In January 1968, just as President Johnson was announcing that the United States was winning the war in Vietnam, the Vietcong had launched the Tet Offensive within virtually every town and city in South Vietnam. It was their most spectacular offensive yet. In Saigon, a commando unit even penetrated the US Embassy compound; it had to be flushed out man by man. This feat, which took place in front of television cameras, stunned America and public opinion worldwide. Although the US military had intelligence that an attack was imminent, they appeared to have been caught completely by surprise. But the bitterest fighting in the Tet Offensive took place in Hue, previously a tranquil city, where intense house-to-house fighting and killing went on for several weeks. The photo on the right below shows US Marines call for assistance for those wounded in the bloody fighting which took place in the city on 1st February. The beleaguered president finally accepted that there was a limit to the losses of US servicemen in Vietnam that the American people would accept. The photo below (left) of Lyndon Johnson shows him preparing a speech on Vietnam.
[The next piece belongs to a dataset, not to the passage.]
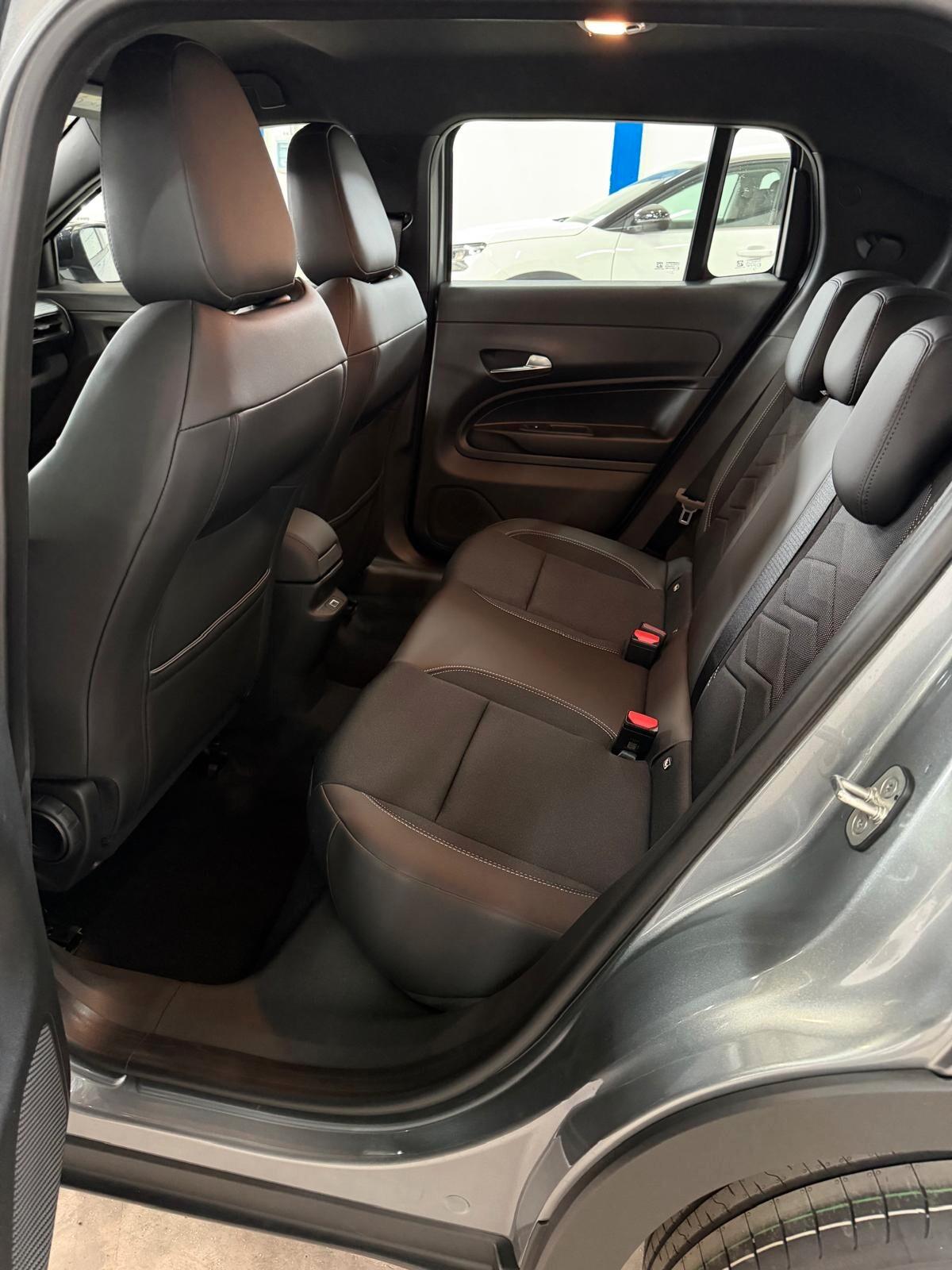 Jeep Avenger 1.2 Benzina 100 CV – Altitude – KM 0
On the other side, the Tet Offensive was intended to inspire a popular rising across South Vietnam. It totally failed in this, but rather led to massive losses of some of the Vietcong’s best fighters. Nevertheless, in propaganda terms, the offensive was a magnificent victory for them. Before Tet, the American leaders had talked of grave enemy weaknesses and of how the Vietcong had met their match and were desperately hanging on. Now the Vietcong had shown that they could attack at will and could strike even at the very nerve centre of the US presence in South Vietnam. The gap between what the US Government said and what people saw on their television screens had never been greater, nor credibility lower. Support for the president’s handling of the war dropped to an all-time low in the polls. Eighty per cent of Americans felt that the United States was making no progress in the war. Tet was thus a turning point.

Added to this, there was international revulsion and outrage at the American tactics. The British journalist, James Cameron, reported:
There was a sense of outrage. By what right do these airmen intrude over a country with which they are not formally at war? Who gave these people the sanction to drop their bombs on roads, bridges, houses, to blow up the harvest, to destroy people of whom they know nothing? Would this sort of thing blow Communism out of their heads?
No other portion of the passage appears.